STAI CDT PhD student Jessica Lally recently presented her work at her first academic conference, the 4th Conference on Causal Learning and Reasoning (CLeaR 2025), held in Lausanne, Switzerland, in May.
CLeaR is dedicated to advancing research in causality and causal learning, bringing together leading experts from across the world. Jessica presented a poster based on the paper ‘Counterfactual Influence in Markov Decision Processes‘. She explains the research as follows:
“Counterfactual thinking is about exploring ‘what-if’ scenarios: what would have happened had we changed some decisions we made in the past. For example, a doctor might wonder how a patient’s recovery would have changed if they had prescribed a different treatment. We can apply the same idea to AI agents and consider how outcomes might have improved if the agent had taken different actions.
Our paper focuses on identifying which areas of the agent’s environment we can learn about from a given observation. By focusing on areas where we have reliable information, we can narrow the search for better counterfactual decision-making policies. This approach improves the safety and reliability of AI, especially in safety-critical real-world applications, like healthcare and transportation.”
Reflecting on the experience, Jessica said:
“Although I was a bit nervous about presenting, everyone was very welcoming and asked really thoughtful questions.”
Alongside her poster presentation, Jessica has recently co-authored another paper: Causal Temporal Reasoning for Markov Decision Processes. Research Directions: Cyber-Physical Systems (Volume 3, e3). As she describes:
“This paper explores how causal and counterfactual reasoning can be used to verify AI systems. By introducing a new kind of logic focused on cause and effect, we can assess how changing system settings (such as different AI policies) can improve the system’s safety and correctness, based on its observed behaviour.”
For Jessica, attending conferences is one of the most exciting and rewarding aspects of her PhD journey.

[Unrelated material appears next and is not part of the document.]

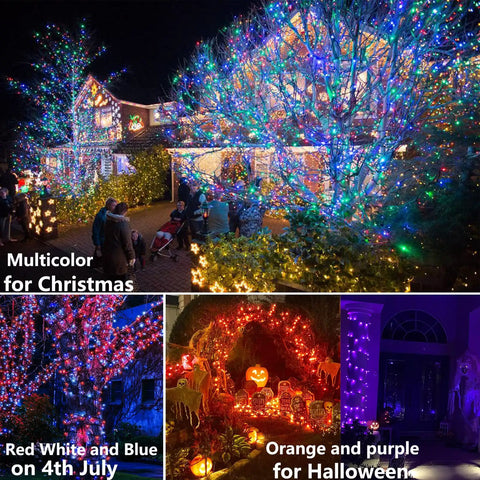 164Ft 500LED RGB String Lights Outdoor With Remote Timer Memory Waterproof decorated houses for Christmas, 4th July, Halloween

She says she is “really enjoying [her] PhD so far,” especially appreciating “the opportunity to explore topics I care about and make meaningful contributions to keeping AI systems safe.”
She also credits the STAI CDT community for enriching her research experience:
“Being part of STAI CDT has been extremely rewarding as it has allowed me to connect with other PhD students working in causality and related fields, which I have found invaluable for discussions and collaboration.”
It’s exciting to hear about Jessica’s recent contributions to the research community. You can read the papers below:
Kazemi, M., Lally, J., Tishchenko, E., Chockler, H. & Paoletti, N. (2025). Counterfactual Influence in Markov Decision Processes. In Proceedings of the 4th Conference on Causal Learning and Reasoning (CLeaR 2025).
Kazemi, M., Lally, J. & Paoletti, N. (2025). Causal Temporal Reasoning for Markov Decision Processes. Research Directions: Cyber-Physical Systems. Volume 3, e3.